The County Surveys Search Engine

One of our key aims in building the interface for our collection was to allow people to explore and “play with” the data. It’s hard to get a sense of the extent of the series and the relationships between the surveys without some kind of overview: once you can see the surveys all together and look at them in different ways, it’s much easier to grasp their logic. So we wanted a tool that would aggregate all of the information we have gathered and then allow people to look at that information in flexible ways, to filter and explore it according to their interests.

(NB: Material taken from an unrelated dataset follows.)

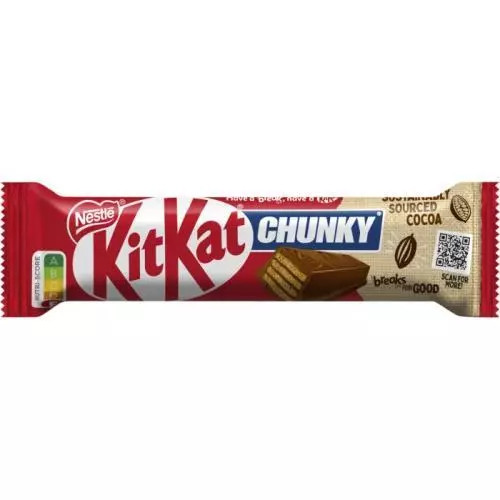 KitKat Chunky tyčinka milk 40g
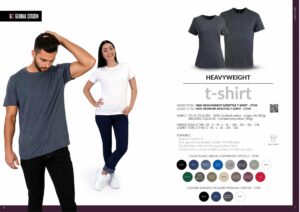 Ladies' Premium Lifestyle T-Shirt - Image 10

Flexibility was also a priority in technical terms: we’re making this data available for the first time in this format, so we are aware that we don’t really know what people will want to do with it. We don’t see what we have done with the demonstrator as being the last word but rather the first. Based on this, we can start to understand the data better and start to understand how people might want to access it.  We expect to have to adapt the data and the ways of accessing it as we go along and we learn what we can most usefully provide to the community.

The Data

The process of gathering data has been described in another post, but from the demonstrator’s point of view what was important was to try to keep things as general and adaptable as possible. Nevertheless, this kind of historical data presents certain peculiarities and challenges. One of the most obvious is how to present the survey data. The surveys are arranged by county but the counties that were used are not the counties as they are today. Indeed, the counties used in the first and second phases of the county surveys are not the same. So we needed a mechanism which would allow people to make sense of the data without being restrictive. We’ve achieved this by providing a canonical list of counties taken from Ordinance Survey Data from the early 19th century. We then map this to the actual counties as surveyed. There’s not a perfect match here but we take a “permissive” view of the data – we’d rather show you slightly too much than too little. So the user gets presented with the canonical list in the search facility and we then map that to the county data to decide what to show. The same holds for the author data. We hold a canonical list of authors and map these to the real authors. This allows us to adjust the data in future as we discover more about it.

The Data Model

This mapping then gives rise to the data model. We have surveys which have a county associated with them. Then we have a list of counties which we present to the user which may map to more than one of the underlying counties. That can get a bit confusing but if we look at an example, it becomes clear. If we want to look at the surveys for Shetland then in the filter list we have “Zetland or Shetland” which is how it is listed in the Ordinance Surveys. In the first phase of the surveys, Shetland was included under “Northern Counties and Islands” but in the second phase it has a survey of its own. The implication of this for the data model is that we have to have a one-to-many mapping from entries in the search list to the entries in the surveys. In fact, the same county survey might appear under more than one search term e.g. the first phase “Northern Counties and Islands” needs to appear under Shetland, Orkney, Caithness and Sutherland. So we have to have a many-to-many mapping between the search counties in the interface and the counties as specified in the surveys themselves. To do this we adopt the standard database approach of having a mapping table i.e.ccounty_county

So ccounty is the list of counties as it appears in the search list and county is as they appear in the surveys and the mapping table allows us to relate these two to each other in any way we want. Each Survey can have many publications and each publication can be held in multiple places. This explains why we have separated out surveys from publications from holdings in the data model.

database schema

Database Schema (click to open in new tab)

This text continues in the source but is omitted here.